━━━ Data for analysis

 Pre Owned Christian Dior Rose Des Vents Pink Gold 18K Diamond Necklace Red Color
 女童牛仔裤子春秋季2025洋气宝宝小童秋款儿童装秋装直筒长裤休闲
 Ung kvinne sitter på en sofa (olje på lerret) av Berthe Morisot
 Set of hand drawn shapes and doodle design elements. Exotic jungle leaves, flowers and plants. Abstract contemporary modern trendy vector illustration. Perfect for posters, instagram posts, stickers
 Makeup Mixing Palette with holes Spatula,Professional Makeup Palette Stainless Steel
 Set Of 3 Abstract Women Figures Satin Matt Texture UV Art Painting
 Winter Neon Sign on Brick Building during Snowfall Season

━━━━━━
━━━ Data for analysis

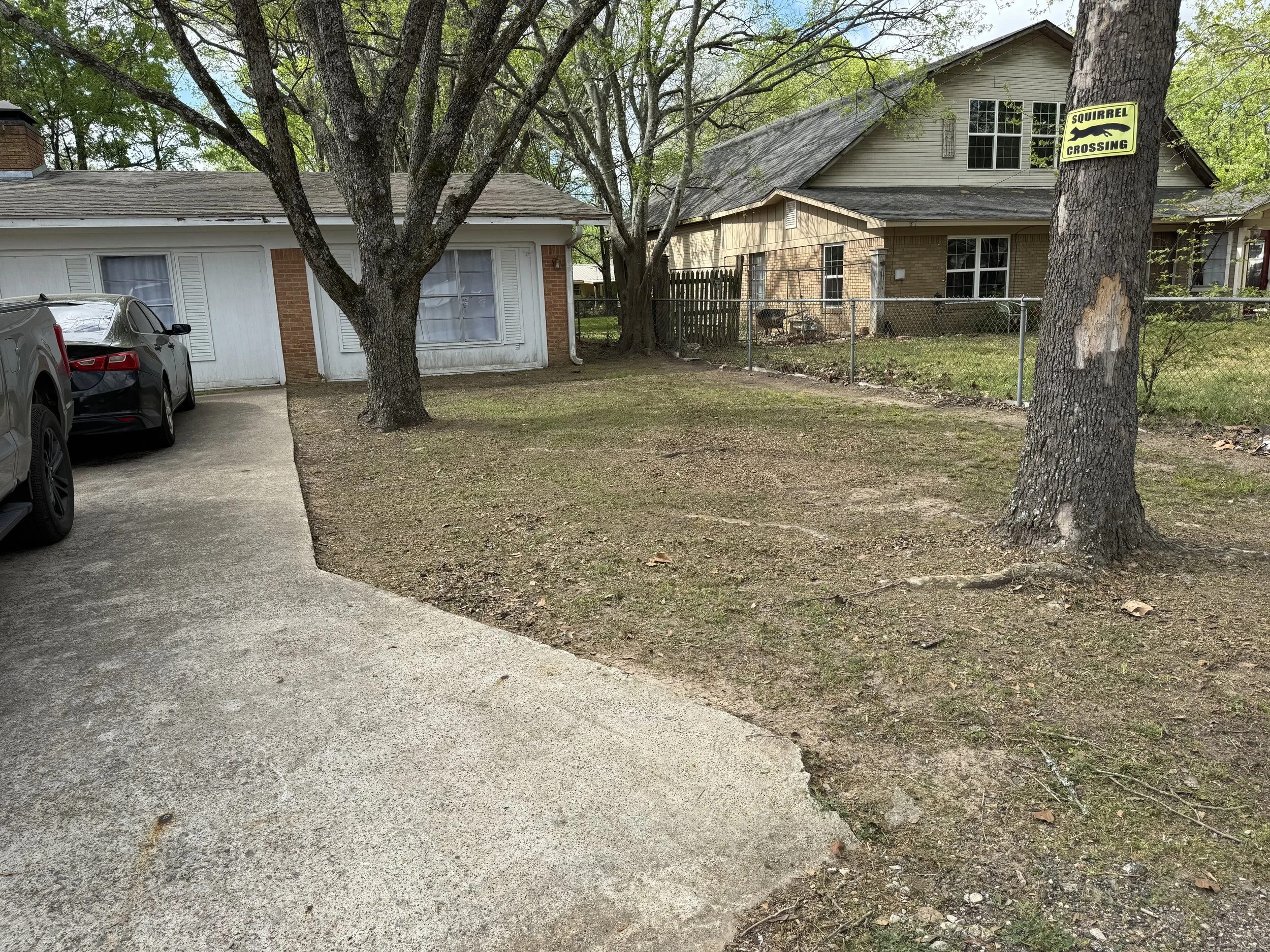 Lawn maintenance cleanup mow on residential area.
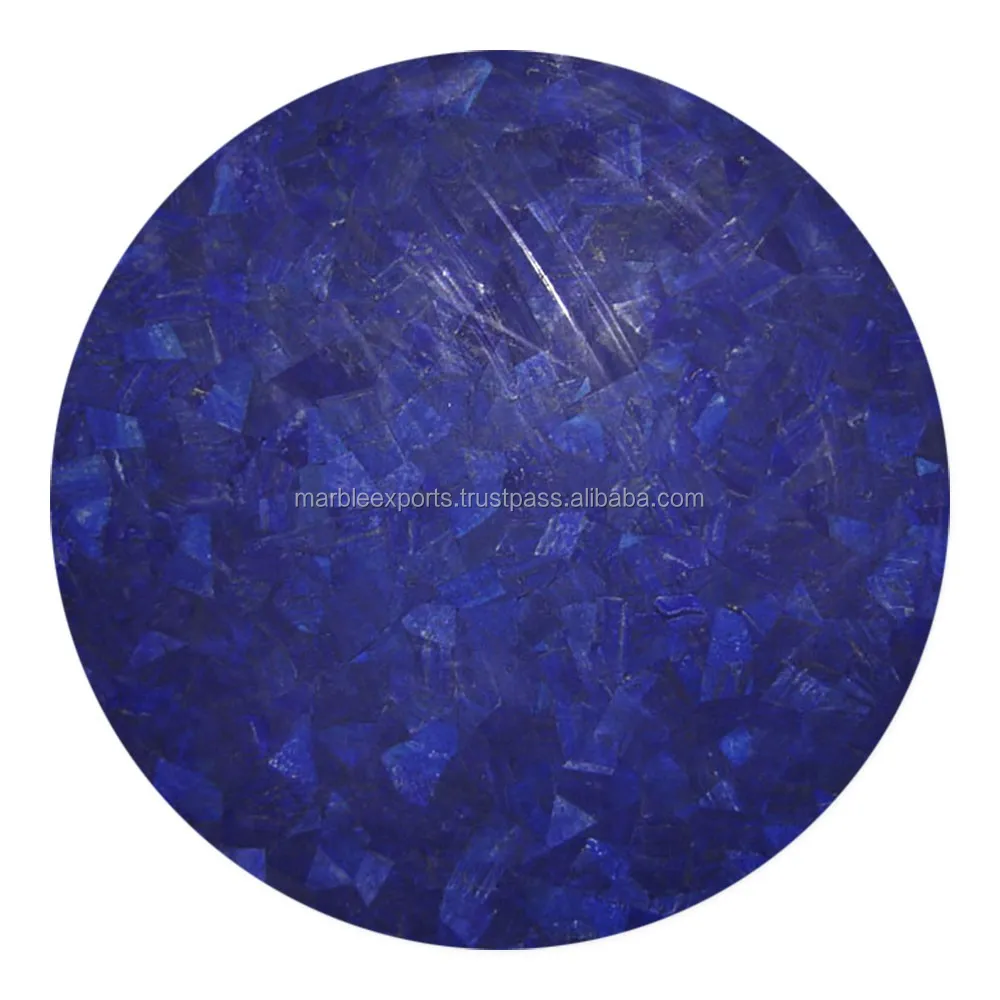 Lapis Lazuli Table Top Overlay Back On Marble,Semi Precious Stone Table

━━━━━━

* Exercise:
Scan the entries above and copy each line where "Abstract" occurs.

* Solution to this problem:
 Set of hand drawn shapes and doodle design elements. Exotic jungle leaves, flowers and plants. Abstract contemporary modern trendy vector illustration. Perfect for posters, instagram posts, stickers
 Set Of 3 Abstract Women Figures Satin Matt Texture UV Art Painting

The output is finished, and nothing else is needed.